Critical constraint: HAMi ships its own device-plugin and conflicts with the NVIDIA GPU Operator's built-in device-plugin. If GPU Operator is installed, you must disable its device-plugin via --set devicePlugin.enabled=false.

Install HAMi Enterprise

Two installation paths — choose based on your scenario:

Online OCI install (evaluation, PoC, clusters with external network access)

All-in-One Air-gap Bundle (finance / government / telecom isolated networks)

Regardless of path, you must apply for and activate a license at the end.

Path A: Online OCI Chart Install

If you wish to use a Chinese domestic mirror registry, please contact Dynamia.ai sales/support for details.

We recommend using a version tracking system to maintain values files for all Helm releases in the cluster. Use -f example-values.yaml to override corresponding keys in the chart's default values.

After selecting the correct kubeconfig context, proceed:

If you haven't installed nvidia/gpu-operator yet, install it first.

helm repo add nvidia https://helm.ngc.nvidia.com/nvidia && helm repo update

helm install --wait --generate-name \
  -n gpu-operator --create-namespace \
  nvidia/gpu-operator \
  --set devicePlugin.enabled=false \
  --set dcgmExporter.serviceMonitor.enabled=true \
  --version=v25.3.2

If the cluster doesn't have a Prometheus monitoring stack, you'll also need to install one. Here's how to install prometheus-community/kube-prometheus-stack:

helm install prometheus \
  oci://ghcr.io/prometheus-community/charts/kube-prometheus-stack \
  --version 72.3.0 \
  --namespace monitoring \
  --create-namespace \
  --set alertmanager.enabled=false \
  --set grafana.enabled=false

Install dynamia-ai/hami-enterprise(hami-commercial):

helm install hami \
  oci://ghcr.io/dynamia-ai/hami-commercial/hami \
  --version 2.9.0-rc1 \
  --namespace hami-system \
  --create-namespace

hami-enterprise(hami-commercial) common chart customization options are listed below. For the complete values reference, see: HAMi Helm Values Reference.
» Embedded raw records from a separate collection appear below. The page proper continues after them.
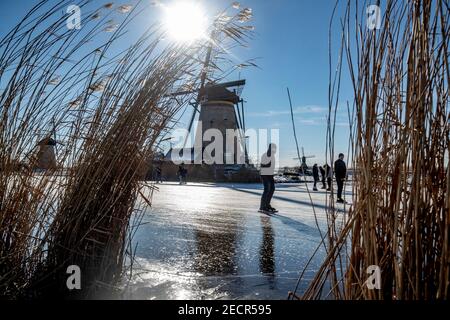 KINDERDIJK, NIEDERLANDE - FEBRUAR 13: Am 13. Februar 2021 wird man in Kinderdijk, Netherla das Winterwetter beim Schlittschuhlaufen auf Natureis beobachten Stockfoto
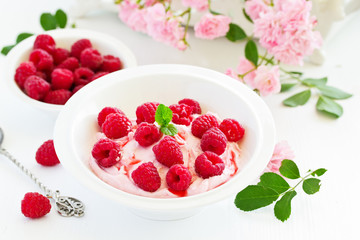 Creamy curd mousse with raspberries. Healthy breakfast.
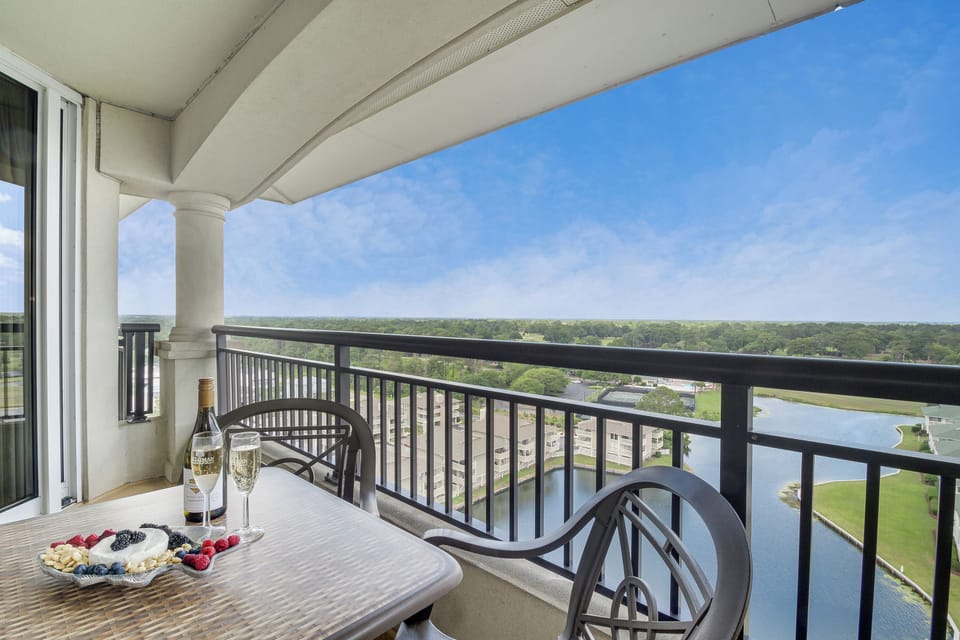 Sip wine and savor fresh fruit on your private balcony, overlooking serene water views and lush landscapes.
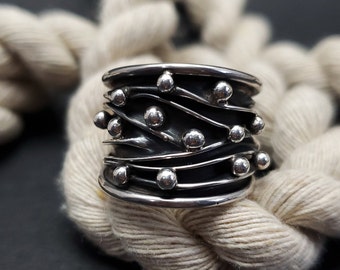 May include: A wide silver ring with a textured, wavy design and small silver beads. The ring is set against a white rope background.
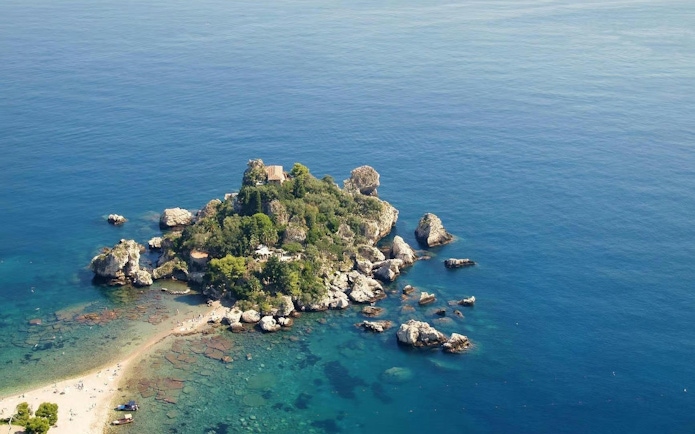 Aerial view of Isola Bella, Sicily, surrounded by clear blue sea and rocky coastline.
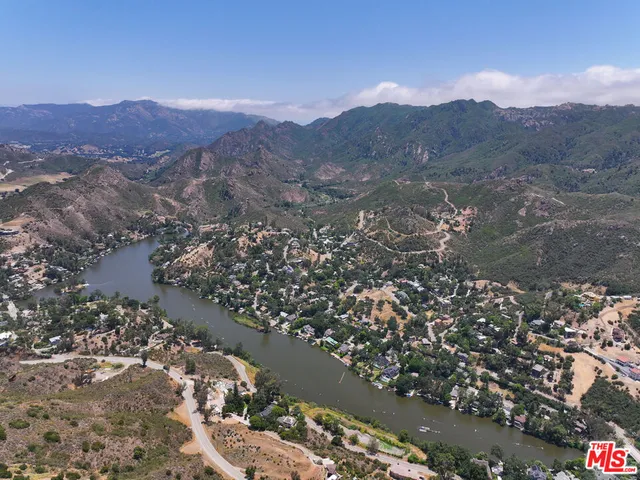 a view of a city with mountains in the background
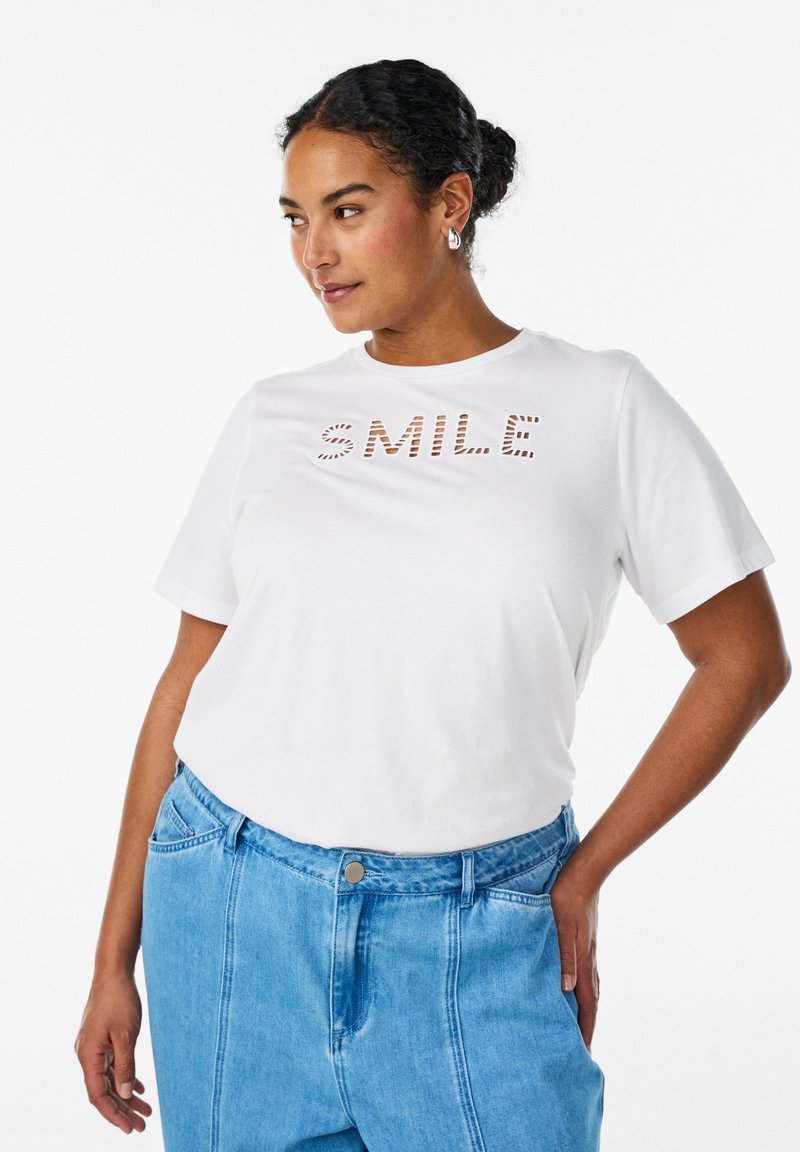 Λευκό βαμβακερό t-shirt με σχέδιο «SMILE» σε αντίθετο καφέ ριγέ κείμενο. Κοντά μανίκια, στρογγυλή λαιμόκοψη, άνετη εφαρμογή.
Parameter	Description	Default
`dra.enabled`	Enable DRA	`false`
`scheduler.leaderElect`	Enable leader election for `hami-scheduler`	`true`
`scheduler.replicas`	Number of `hami-scheduler` replicas	1
`scheduler.kubeScheduler.image.registry`	Registry for `kube-scheduler` image used by `hami-scheduler`	`"registry.cn-hangzhou.aliyuncs.com"`
`scheduler.kubeScheduler.image.repository`	Repository for `kube-scheduler` image used by `hami-scheduler`	`"google-containers/kube-scheduler"`
`scheduler.kubeScheduler.image.tag`	Tag for `kube-scheduler` image used by `hami-scheduler`. If empty, the chart will infer an appropriate version.	`""`

Path B: All-in-One Air-gap Bundle

Please contact Dynamia.ai sales/support to obtain the download URL.

Download hami-enterprise-v<VERSION>-airgap-<ARCH>.tar.gz and hami-enterprise-v<VERSION>-airgap-<ARCH>.tar.gz.sha256.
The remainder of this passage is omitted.